### Description of the task
Transcribe the data as written, minus images.

### Recorded information

== Segment start ==

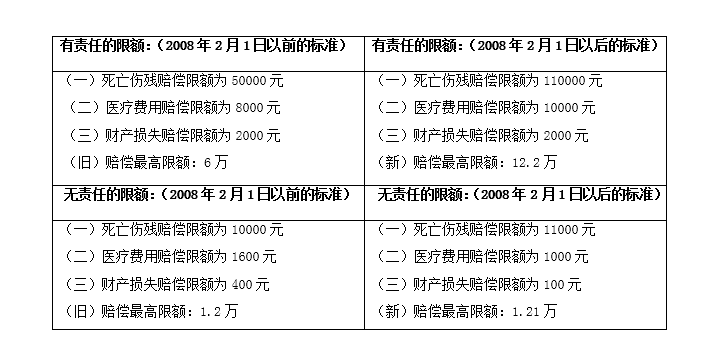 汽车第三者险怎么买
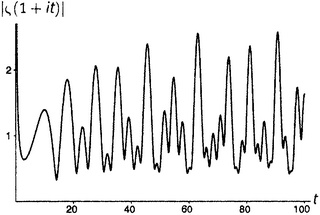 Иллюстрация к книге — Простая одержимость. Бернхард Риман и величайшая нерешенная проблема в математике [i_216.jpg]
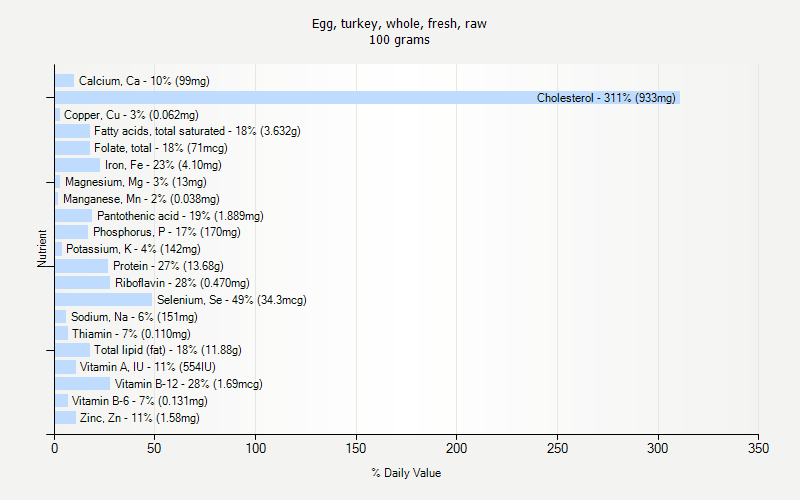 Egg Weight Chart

== Segment end ==

### Exercise output
 汽车第三者险怎么买
 Иллюстрация к книге — Простая одержимость. Бернхард Риман и величайшая нерешенная проблема в математике [i_216.jpg]
 Egg Weight Chart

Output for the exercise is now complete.